Oracle promotion vindication for new co-CEO Hurd
Mark Hurd’s promotion last week to be co-CEO of Oracle marked the culmination of a comeback for the former Hewlett-Packard chief, who was unceremoniously ousted from the computer maker. “This is a vindication of Mark’s performance ... ,” said a former HP board member.
San Jose Mercury News
Mark Hurd is back.
Oracle’s decision to make him co-CEO serves as a validation for the executive, who left HP’s top job under a cloud four years ago.
“This is a vindication of Mark’s performance at both Hewlett-Packard and Oracle,” said Joel Hyatt, a former HP board member and co-founder of Current TV. “He’s an outstanding leader and he has done extraordinarily well wherever he has been.”
While it doesn’t appear that Hurd will initially take on any new responsibilities, the CEO titles for Hurd and Safra Catz are a “recognition” of their work, Larry Ellison, Oracle’s long-serving CEO, said in a conference call with analysts Thursday.
All three executives were quick to assert that nothing has really changed in terms of their roles except that the co-CEOs now report to the board.
“The Hurd, Catz, Ellison trio still rules,” said John Rymer, vice president and principal analyst at Forrester. “They still have their old domains. This is sound and fury signifying not much.”
Maybe not for Oracle.
But for Hurd, who travels the globe promoting Oracle’s products and services and who is credited with expanding Oracle’s sales force, the new title helps sweep away any taint on his reputation after his break with HP.
Hurd’s comeback story is a testament to his grit, hard work and an ability to move on. After his acrimonious departure from HP, he got immediately to work at Oracle.
Hurd was largely unknown in Silicon Valley when HP’s board announced in 2005 that the CEO of NCR, the Dayton, Ohio, business-equipment maker, would be the company’s next CEO after Carly Fiorina’s ouster.
In contrast to Fiorina’s showmanship, Hurd was portrayed as a low-wattage, back-to-basics guy who started as a salesman at NCR and worked his way up over 23 years to take the top NCR job.
At HP, despite his lack of star power then, Hurd was credited as a stabilizing force, moving quickly to cut costs and continuing to run the company, even as it got ensnared in yet another scandal, this time over spying on board members and journalists.
Hurd orchestrated a string of acquisitions that helped to fuel HP’s growth. During his tenure, HP became the world’s biggest maker of personal computers. Revenue and profit rose, as did the company’s stock price. But he did come under criticism for his stringent cost-cutting.
“He’s a high-energy type of guy; he’s extremely customer-focused,” said Andy Mattes, president and chief executive at Diebold, who worked for Hurd in senior-level positions at HP. “He has a keen focus on detail.

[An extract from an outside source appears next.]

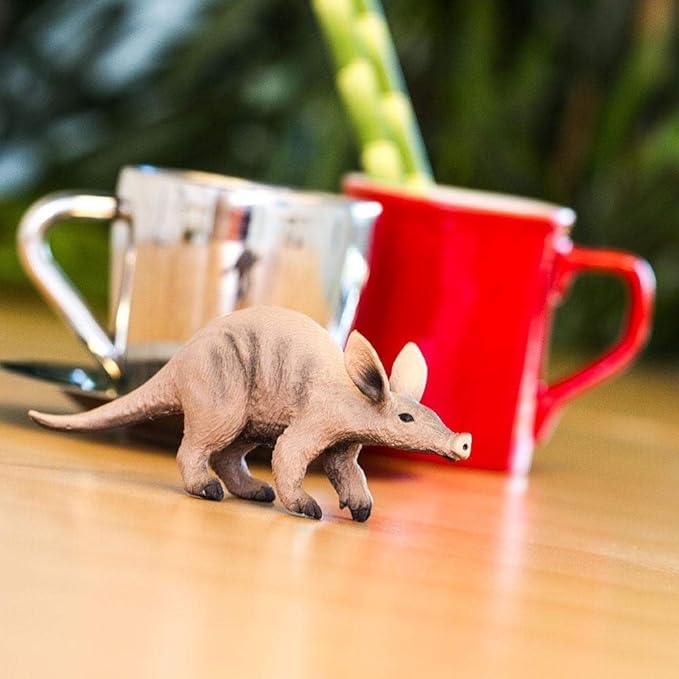 Safari Ltd. Aardvark Figurine - Realistic 5" Animal Figure - Educational Toy for Boys, Girls, and Kids Ages 3+
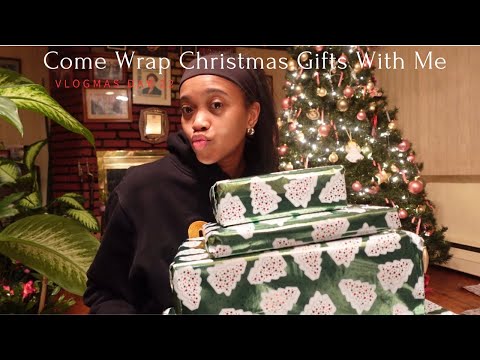 Vlogmas Day 22: Wrap Christmas Gifts w/ Me🎁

He’s quite an inspiring leader.”
But in 2010, Hurd shocked the tech industry when he quit HP. A board investigation concluded he had violated the company’s business standards in regard to a relationship with an outside contractor.
While the board said Hurd had not violated the firm’s sexual-harassment policy, it said he had submitted inaccurate expense reports to conceal the relationship.
In an email to The New York Times, Ellison described HP’s move as “the worst personnel decision since the idiots on the Apple board fired Steve Jobs many years ago.” Hurd “spent the last five years doing a brilliant job reviving HP to its former greatness,” Ellison said.
“Most people thought he got a raw deal,” said John Sullivan, a professor of management at San Francisco State University and an adviser to Silicon Valley firms.
Within a month of Hurd’s leaving, Ellison hired him to be co-president of Oracle, a title he would share with Catz, who is also the company’s chief financial officer.
Initially there was skepticism about the viability of Oracle’s three-headed leadership structure. Hurd focused on building the company’s sales team, meeting with customers and boosting Oracle’s cloud products and services. Catz’s domain has been internal operations and the company’s finances.
The news that Catz and Hurd would be co-CEOs is a sign that the partnership has worked, said R. “Ray” Wang, chairman of Constellation Research.
“When you have a strong leader like Larry, he could focus on Mark’s strengths in sales, business development and building alliances,” Wang said.
In his new role, Hurd is more likely of the two to take on more of a strategic role, Sullivan said. “With this move, [Larry] is admitting that other people can give the company direction. Mark is likely the strategist of the two.”
The HP saga was never going to be the end of Hurd’s career.
And with his own comeback, Hurd has a chance again to be a tech-industry icon.